Лев Рубинштейн:
Относительно формулировки вопроса я скажу, что, по-моему, он правильно поставлен, и ключевым словом тут, безусловно, является слово «практика». Все пишущие люди знают, что результат, особенно у достаточно одаренного человека, как правило, или не совсем совпадает с поставленной задачей, или вовсе не совпадает. Поэтому я не думаю, что по отношению к слову «практика» применимы эпитеты «консервативная» или «радикальная». Кому-то хочется быть или казаться консерватором, кому-то хочется быть радикалом.
Радикальная составляющая в культуре просто необходима, а в искусстве и подавно. Она необходима даже с самыми рискованными, с самыми шокирующими гуманистическое сознание интенциями. Я за радикальный проект, но я не вижу сейчас возможностей для его успешной реализации, потому что нет мощной консервативной составляющей. Понятно, что радикальное сознание пытается дразнить и сотрясать мейнстрим, но сам мейнстрим еще не сложился.
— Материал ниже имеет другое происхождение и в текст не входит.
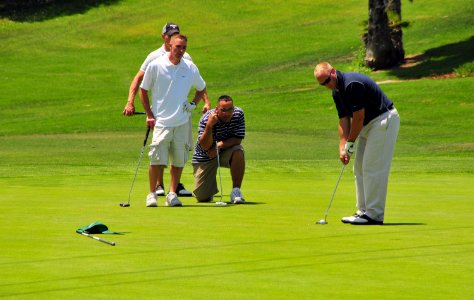 US Navy 080609-N-4774B-865 Sailors and Marines participate in the Inaugural Guide On Charity Golf Tournament at the Admiral Baker Golf Course photo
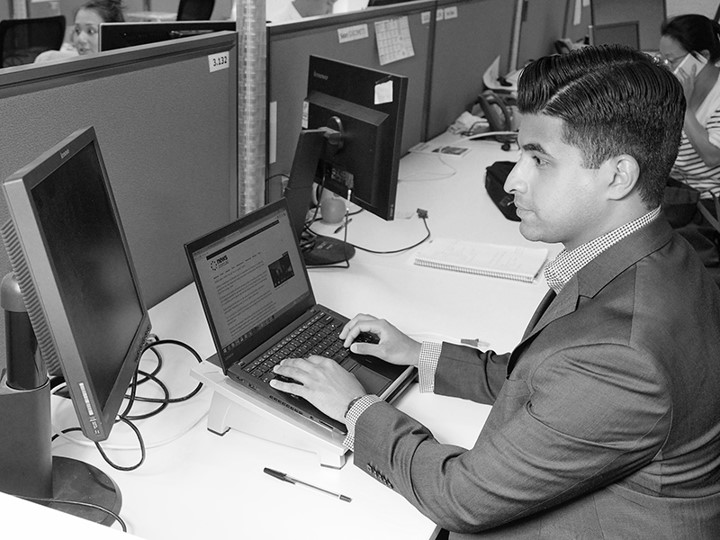 Jithin Xavier DXC Graduate on his desk in front of a computer
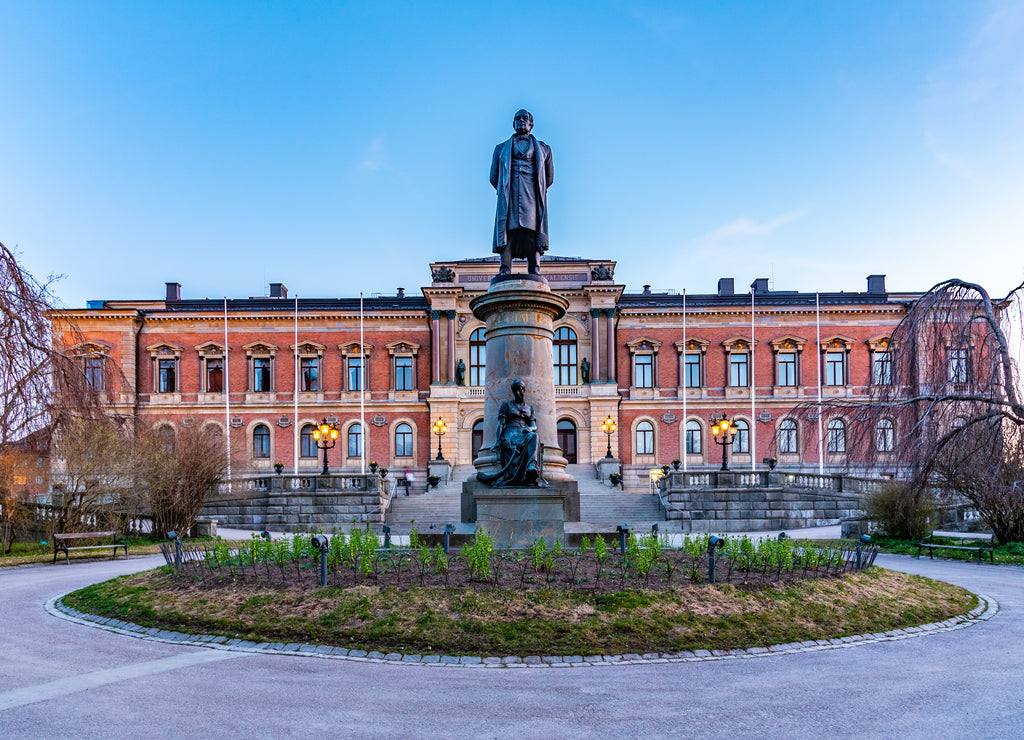 Sunset view of Statue of Erik Gustaf Geijer in front of the university of Uppsala in Sweden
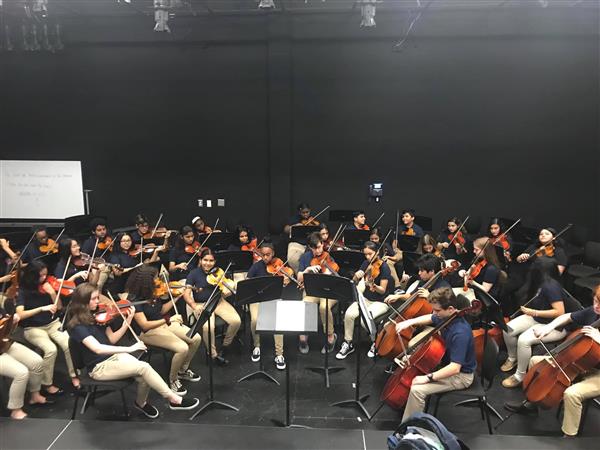 Wide shot of orchestra students rehearsing with various string instruments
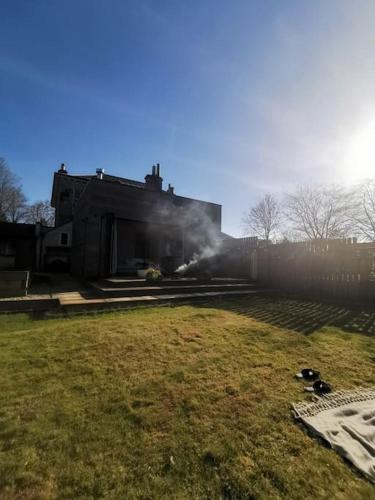 een huis met rook in een tuin bij Tiny House in Affluent Suburb-10 min train to City in Kirkintilloch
Поэтому в литературе, в отличие от визуальных искусств, где традиции хоть как-то связаны с мировой практикой, радикальная составляющая выглядит уродливо, нелепо и в большинстве случаев маргинально.Алла Латынина:
Я согласна с Андреем Дмитриевым, что лучше говорить о дискурсе, нежели о радикальном и консервативном проектах. Разделение на просветительский и дегуманизирующий дискурс мне кажется более корректным. Радикальные художественные практики, безусловно, являются дегуманизирующими. Затрудняюсь ответить на вопрос, были ли они успешными. Наверное, были – настолько, насколько способствовали разрушению каких-то тоталитарных художественных практик (таков ранний Сорокин). Частично они были неуспешны, потому что деконструктивный заряд оказался тотальным и попал не в уродливый нарост на культуре, но в саму культуру (пример Сорокина).Наталья Иванова:
Оппозиции для литературы крайне важны и плодотворны. Я думаю, что результаты этих оппозиций никуда не исчезают. Апартеид, может быть, существует, но результаты дискуссий, их аргументация никуда не делись. Это вклад в литературу, она приобрела, а не утратила. Эта полемика и аргументация являются частью истории современной литературы и в то же время присутствуют постоянно в новых дискуссиях, которые способствуют развитию искусства.II Ответственность и ответность литературной критики
1. Существует ли единое поле действия литературной критики?
Наталья Иванова:
Мы продолжаем обсуждать процессы, происходящие в современной литературе, их соотнесенность с либеральной идеологией. Сегодня речь пойдет о литературной критике. Первый круг вопросов нашей дискуссии связан с тем, что исторически происходило в нашей критике и что происходит сегодня.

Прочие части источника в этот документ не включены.